Documentation
Advanced Topics
Monitoring CloudQuery
Overview

Overview

Monitoring CloudQuery can be done in a number of ways:

Logging

CloudQuery utilizes structured logging (in plain and JSON formats) which can be analyzed by local tools such as jq, grep and remote aggregations tools like loki, datadog or any other popular log aggregation that supports structured logging.

OpenTelemetry (Preview)

ELT workloads can be long running and sometimes it is necessary to better understand what calls are taking the most time, to optimize those on the integration side, ignore them or split them to a different workload. CloudQuery supports OpenTelemetry (opens in a new tab) traces, metrics and logs out of the box and can be enabled easily via configuration.

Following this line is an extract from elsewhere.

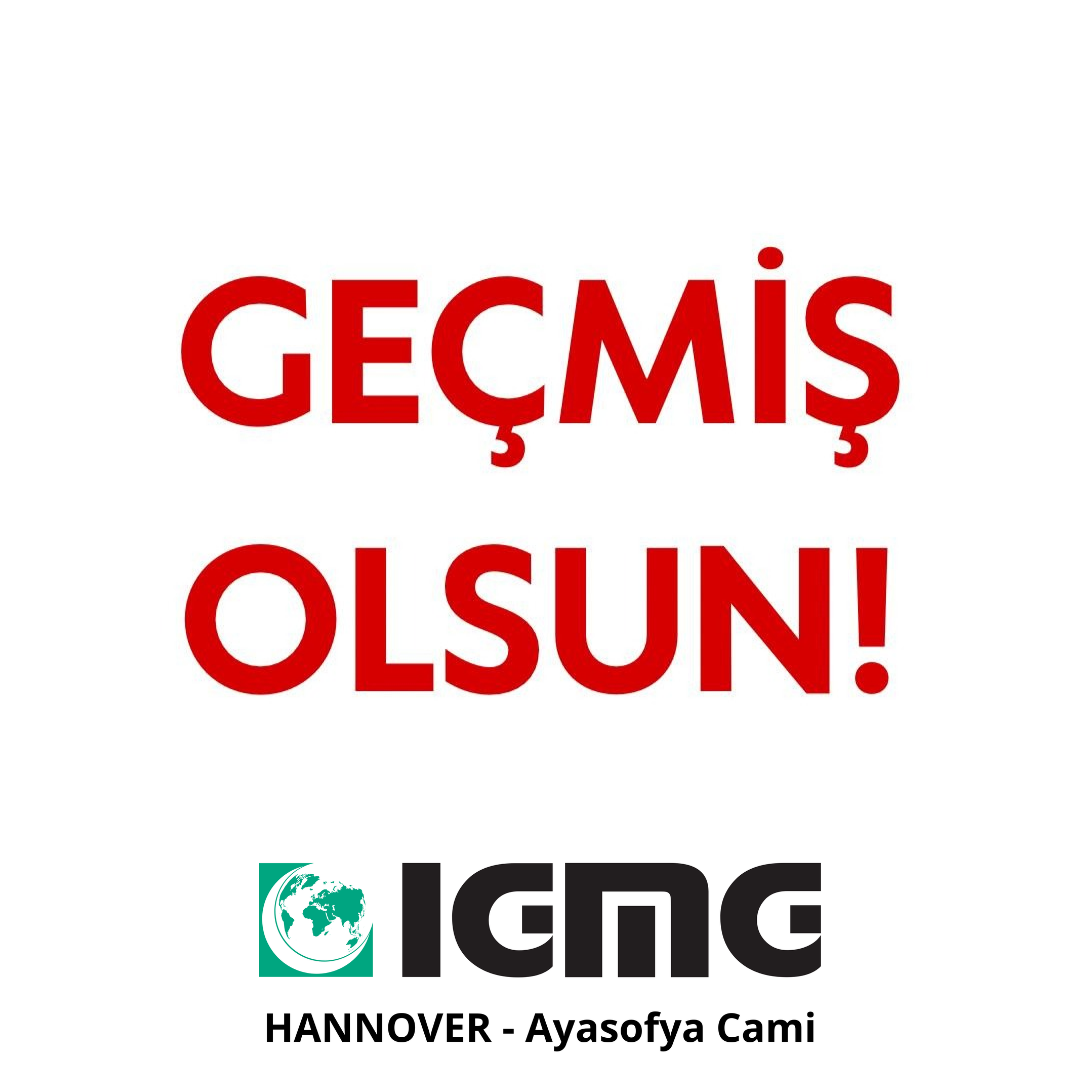 Geçmiş olsun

To collect OpenTelemetry data you need a backend (opens in a new tab) that supports the OpenTelemetry protocol. For example you can use Jaeger (opens in a new tab) to visualize and analyze traces.

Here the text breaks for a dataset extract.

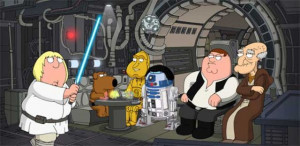 Family Guy Star Wars Quotes That The Force Is Not With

To start Jaeger locally you can use Docker:

docker run -d \
  -e COLLECTOR_OTLP_ENABLED=true \
  -p 16686:16686 \
  -p 4318:4318 \
  jaegertracing/all-in-one:1.58

and then specify in the source spec the following:

kind: source
spec:
  name: "aws"
  path: "cloudquery/aws"
  registry: "cloudquery"
  version: "v30.1.0"
  tables: ["aws_s3_buckets"]
  destinations: ["postgresql"]
  otel_endpoint: "localhost:4318"
  otel_endpoint_insecure: true # this is only in development when running local jaeger
  spec:

After that you can open http://localhost:16686 (opens in a new tab) and see the traces:

jaeger

In production, it is common to use an OpenTelemetry collector (opens in a new tab) that runs locally or as a gateway to batch the traces and forward it to the final backend. This helps with performance, fault-tolerance and decoupling of the backend in case the tracing backend changes.